**PROBLEM REQUIREMENTS:** Restate word for word, and only, the lines that extend from the line containing "Pink office chair" through the end of the records below.
BEGIN
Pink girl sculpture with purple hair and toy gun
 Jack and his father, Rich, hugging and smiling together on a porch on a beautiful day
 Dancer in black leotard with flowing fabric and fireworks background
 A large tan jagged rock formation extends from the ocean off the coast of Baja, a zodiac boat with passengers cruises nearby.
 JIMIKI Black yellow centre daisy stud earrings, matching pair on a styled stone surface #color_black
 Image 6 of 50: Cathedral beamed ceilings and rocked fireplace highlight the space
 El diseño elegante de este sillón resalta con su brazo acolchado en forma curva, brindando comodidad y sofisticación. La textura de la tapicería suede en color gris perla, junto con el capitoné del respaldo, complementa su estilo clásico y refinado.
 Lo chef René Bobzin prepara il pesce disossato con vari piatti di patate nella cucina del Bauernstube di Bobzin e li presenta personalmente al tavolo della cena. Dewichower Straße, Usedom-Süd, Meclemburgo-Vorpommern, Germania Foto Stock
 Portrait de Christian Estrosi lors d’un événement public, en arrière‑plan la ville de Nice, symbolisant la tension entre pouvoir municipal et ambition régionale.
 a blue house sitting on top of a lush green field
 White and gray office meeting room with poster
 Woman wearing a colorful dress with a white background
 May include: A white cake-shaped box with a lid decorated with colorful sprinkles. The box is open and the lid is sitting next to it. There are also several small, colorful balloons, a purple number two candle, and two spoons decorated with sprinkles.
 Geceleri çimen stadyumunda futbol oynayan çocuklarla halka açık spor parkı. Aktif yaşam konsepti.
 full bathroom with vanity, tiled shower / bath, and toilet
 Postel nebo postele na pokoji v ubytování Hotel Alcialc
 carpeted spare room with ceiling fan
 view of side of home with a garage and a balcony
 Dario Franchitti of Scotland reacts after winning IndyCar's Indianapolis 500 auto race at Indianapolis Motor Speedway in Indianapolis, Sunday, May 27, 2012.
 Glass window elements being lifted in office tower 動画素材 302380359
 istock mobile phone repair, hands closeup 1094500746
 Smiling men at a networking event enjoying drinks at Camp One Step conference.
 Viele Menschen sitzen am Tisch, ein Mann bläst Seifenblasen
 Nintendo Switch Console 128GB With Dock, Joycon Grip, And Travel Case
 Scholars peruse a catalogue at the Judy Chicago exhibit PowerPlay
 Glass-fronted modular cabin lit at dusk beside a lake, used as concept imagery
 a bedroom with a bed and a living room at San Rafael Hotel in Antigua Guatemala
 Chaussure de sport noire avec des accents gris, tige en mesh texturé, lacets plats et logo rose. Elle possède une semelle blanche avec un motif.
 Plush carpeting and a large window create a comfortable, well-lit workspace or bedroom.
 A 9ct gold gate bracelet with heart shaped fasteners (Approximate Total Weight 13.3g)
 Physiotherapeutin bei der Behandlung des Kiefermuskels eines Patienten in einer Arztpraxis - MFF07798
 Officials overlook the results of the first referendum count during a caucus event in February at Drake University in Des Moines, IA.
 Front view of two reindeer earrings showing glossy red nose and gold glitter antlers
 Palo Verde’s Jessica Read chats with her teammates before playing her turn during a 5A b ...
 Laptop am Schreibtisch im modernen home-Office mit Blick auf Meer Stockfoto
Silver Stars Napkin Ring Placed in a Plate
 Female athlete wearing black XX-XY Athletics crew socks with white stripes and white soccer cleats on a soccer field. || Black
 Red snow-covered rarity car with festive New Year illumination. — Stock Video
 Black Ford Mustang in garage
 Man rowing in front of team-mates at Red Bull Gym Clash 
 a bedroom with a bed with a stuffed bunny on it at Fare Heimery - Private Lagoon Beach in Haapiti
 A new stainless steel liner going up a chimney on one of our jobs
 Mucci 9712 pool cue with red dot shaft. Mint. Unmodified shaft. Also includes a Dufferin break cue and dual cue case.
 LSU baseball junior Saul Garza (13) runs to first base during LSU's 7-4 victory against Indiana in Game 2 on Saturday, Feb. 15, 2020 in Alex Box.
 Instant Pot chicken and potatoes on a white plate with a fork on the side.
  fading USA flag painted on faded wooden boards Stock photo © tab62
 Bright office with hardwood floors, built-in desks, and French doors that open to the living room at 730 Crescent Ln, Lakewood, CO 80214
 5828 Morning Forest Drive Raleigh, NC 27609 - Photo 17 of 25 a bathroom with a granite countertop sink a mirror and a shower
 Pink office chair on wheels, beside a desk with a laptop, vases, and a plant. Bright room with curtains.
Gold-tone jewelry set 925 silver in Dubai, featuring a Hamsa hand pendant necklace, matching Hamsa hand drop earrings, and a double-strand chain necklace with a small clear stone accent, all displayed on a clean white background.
END
**ANSWER TO THIS EXERCISE:**
 Pink office chair on wheels, beside a desk with a laptop, vases, and a plant. Bright room with curtains.
Gold-tone jewelry set 925 silver in Dubai, featuring a Hamsa hand pendant necklace, matching Hamsa hand drop earrings, and a double-strand chain necklace with a small clear stone accent, all displayed on a clean white background.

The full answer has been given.